Par un jugement n° 2428005/1-2 du 6 mai 2025, le tribunal administratif de Paris a rejeté sa demande.
Procédure devant la cour :
Par une requête, enregistrée le 6 mai 2025, M. B, représenté par Me Pigot demande à la cour :
1°) d’annuler ce jugement n° 2428005/1-2 du 6 mai 2025 rendu par le tribunal administratif de Paris ;
2°) d’annuler l’arrêté contesté devant ce tribunal ;
3°) d’enjoindre au préfet de police de lui délivrer un titre de séjour portant la mention « salarié » dans un délai quinze jours, sous astreinte de 100 euros par jour de retard à compter de la notification de l’arrêt à intervenir, subsidiairement, de réexaminer sa situation administrative dans les mêmes conditions de délai et d’astreinte, dans l’attente, de lui délivrer une autorisation provisoire de séjour assortie d’une autorisation de travail ;
4°) de mettre à la charge de l’Etat la somme de 1 500 euros sur le fondement des dispositions de l’article L. 761-1 du code de justice administrative.
Il soutient que :
— le jugement est insuffisamment motivé ;
— il est entaché d’un défaut d’examen, d’erreur d’appréciation, d’erreur de droit, d’une méconnaissance de l’article L. 435-1 du code de l’entrée et du séjour des étrangers et du droit d’asile et des stipulations de l’article 8 de la convention européenne de sauvegarde des droits de l’homme et des libertés fondamentales ;
— l’arrêté est insuffisamment motivé ;
— il est entaché d’un défaut d’examen sérieux de sa situation ;
— il méconnaît l’article L. 114-5 du code des relations entre le public et l’administration ;
— il méconnaît l’article L. 435-1 du code de l’entrée et du séjour des étrangers et du droit d’asile ;
— il méconnaît l’article L. 423-23 du code de l’entrée et du séjour des étrangers et du droit d’asile et des stipulations de l’article 8 de la convention européenne de sauvegarde des droits de l’homme et des libertés fondamentales ;
— la décision portant obligation de quitter le territoire est illégale pour être fondée sur la décision portant refus de séjour elle-même illégale.
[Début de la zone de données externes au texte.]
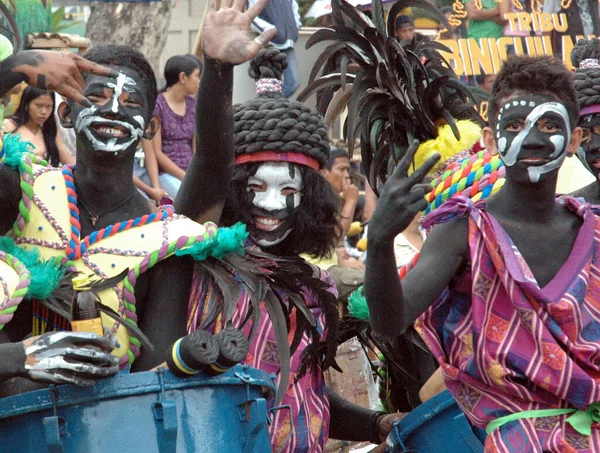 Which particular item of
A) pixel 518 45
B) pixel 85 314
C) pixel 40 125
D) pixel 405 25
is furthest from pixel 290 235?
pixel 518 45

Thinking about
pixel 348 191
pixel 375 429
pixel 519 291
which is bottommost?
pixel 375 429

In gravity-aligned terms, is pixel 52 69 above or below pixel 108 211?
above

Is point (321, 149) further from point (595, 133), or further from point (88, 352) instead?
point (88, 352)

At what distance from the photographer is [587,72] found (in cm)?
492

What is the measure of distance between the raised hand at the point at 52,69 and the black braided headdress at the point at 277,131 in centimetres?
122

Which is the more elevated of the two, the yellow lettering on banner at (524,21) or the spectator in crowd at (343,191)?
the yellow lettering on banner at (524,21)

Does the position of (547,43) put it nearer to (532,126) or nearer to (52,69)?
(532,126)

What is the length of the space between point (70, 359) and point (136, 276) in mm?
663

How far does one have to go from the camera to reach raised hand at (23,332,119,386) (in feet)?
9.87

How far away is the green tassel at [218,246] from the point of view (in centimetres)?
367

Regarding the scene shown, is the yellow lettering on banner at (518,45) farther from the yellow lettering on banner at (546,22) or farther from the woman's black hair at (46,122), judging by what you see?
the woman's black hair at (46,122)

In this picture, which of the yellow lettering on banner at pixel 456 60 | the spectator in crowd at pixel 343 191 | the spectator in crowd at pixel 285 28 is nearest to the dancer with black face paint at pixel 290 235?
the spectator in crowd at pixel 343 191

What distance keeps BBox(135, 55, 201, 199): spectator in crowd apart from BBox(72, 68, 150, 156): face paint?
3560mm

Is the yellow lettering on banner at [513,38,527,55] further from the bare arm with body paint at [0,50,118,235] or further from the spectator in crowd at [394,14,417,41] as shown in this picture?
the bare arm with body paint at [0,50,118,235] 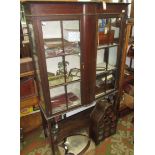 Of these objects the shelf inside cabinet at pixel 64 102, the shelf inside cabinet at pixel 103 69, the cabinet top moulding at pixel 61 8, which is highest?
the cabinet top moulding at pixel 61 8

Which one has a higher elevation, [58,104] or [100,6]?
[100,6]

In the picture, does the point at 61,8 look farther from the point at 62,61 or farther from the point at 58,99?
the point at 58,99

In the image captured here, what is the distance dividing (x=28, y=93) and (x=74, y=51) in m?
0.80

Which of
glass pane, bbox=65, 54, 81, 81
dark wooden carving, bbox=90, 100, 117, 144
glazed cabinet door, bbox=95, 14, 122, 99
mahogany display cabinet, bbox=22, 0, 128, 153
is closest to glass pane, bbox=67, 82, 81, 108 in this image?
mahogany display cabinet, bbox=22, 0, 128, 153

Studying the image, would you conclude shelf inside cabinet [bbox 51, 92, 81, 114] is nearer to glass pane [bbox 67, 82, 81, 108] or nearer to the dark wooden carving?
glass pane [bbox 67, 82, 81, 108]

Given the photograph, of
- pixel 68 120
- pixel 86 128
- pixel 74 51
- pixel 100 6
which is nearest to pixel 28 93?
pixel 68 120

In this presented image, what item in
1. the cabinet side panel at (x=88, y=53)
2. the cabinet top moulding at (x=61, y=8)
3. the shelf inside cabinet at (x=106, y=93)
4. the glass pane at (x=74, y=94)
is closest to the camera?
the cabinet top moulding at (x=61, y=8)

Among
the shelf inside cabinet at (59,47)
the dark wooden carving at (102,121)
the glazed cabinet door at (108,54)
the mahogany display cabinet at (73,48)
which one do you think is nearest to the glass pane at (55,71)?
the mahogany display cabinet at (73,48)

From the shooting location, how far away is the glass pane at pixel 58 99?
155cm

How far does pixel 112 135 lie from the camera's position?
81.3 inches

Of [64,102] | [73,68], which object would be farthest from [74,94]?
[73,68]

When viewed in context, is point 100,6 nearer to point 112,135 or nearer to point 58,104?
point 58,104

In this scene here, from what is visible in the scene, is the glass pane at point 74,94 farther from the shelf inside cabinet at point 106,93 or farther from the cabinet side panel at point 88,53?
the shelf inside cabinet at point 106,93

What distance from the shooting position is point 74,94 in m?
1.69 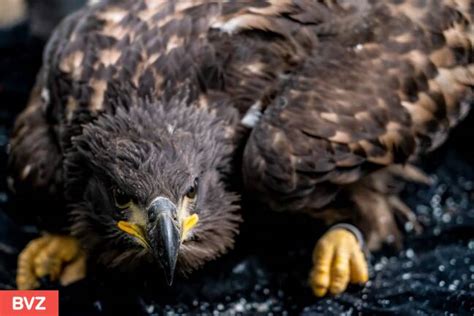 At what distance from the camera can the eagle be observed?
3486 mm

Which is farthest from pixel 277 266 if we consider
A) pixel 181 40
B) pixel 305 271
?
pixel 181 40

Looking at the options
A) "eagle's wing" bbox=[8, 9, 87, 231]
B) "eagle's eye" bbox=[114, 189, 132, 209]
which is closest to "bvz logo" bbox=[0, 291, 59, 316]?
"eagle's eye" bbox=[114, 189, 132, 209]

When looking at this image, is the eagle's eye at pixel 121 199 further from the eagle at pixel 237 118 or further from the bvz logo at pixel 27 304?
the bvz logo at pixel 27 304

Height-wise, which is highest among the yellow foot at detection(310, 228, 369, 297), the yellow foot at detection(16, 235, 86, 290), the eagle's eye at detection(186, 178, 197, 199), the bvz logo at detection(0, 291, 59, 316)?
the eagle's eye at detection(186, 178, 197, 199)

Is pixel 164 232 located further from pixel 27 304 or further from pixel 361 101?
pixel 361 101

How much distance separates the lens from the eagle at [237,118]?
3.49m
Vu les autres pièces du dossier.
Vu :
— la convention européenne de sauvegarde des droits de l’homme et des libertés fondamentales ;
— le code de l’entrée et du séjour des étrangers et du droit d’asile ;
— le code des relations entre le public et l’administration ;
— le code de justice administrative.
Considérant ce qui suit :
1. Aux termes de l’article R. 222-1 du code de justice administrative : « () Les présidents des formations de jugement des cours peuvent (), par ordonnance, rejeter (), après l’expiration du délai de recours ou, lorsqu’un mémoire complémentaire a été annoncé, après la production de ce mémoire les requêtes d’appel manifestement dépourvues de fondement () ».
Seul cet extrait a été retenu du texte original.